EXERCISE: Leave out the pictures and reproduce all of the data exactly.

MATERIAL PROVIDED:
○ ○ ○ ○ ○
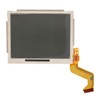 Game Console Upper LCD Screen 3.2 Inch Replacement Gamepad Top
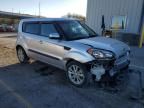 2012 KIA Soul +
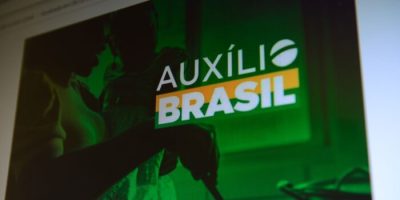 Programa Auxílio Brasil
○ ○ ○ ○ ○
RESPONSE AREA:
 Game Console Upper LCD Screen 3.2 Inch Replacement Gamepad Top
 2012 KIA Soul +
 Programa Auxílio Brasil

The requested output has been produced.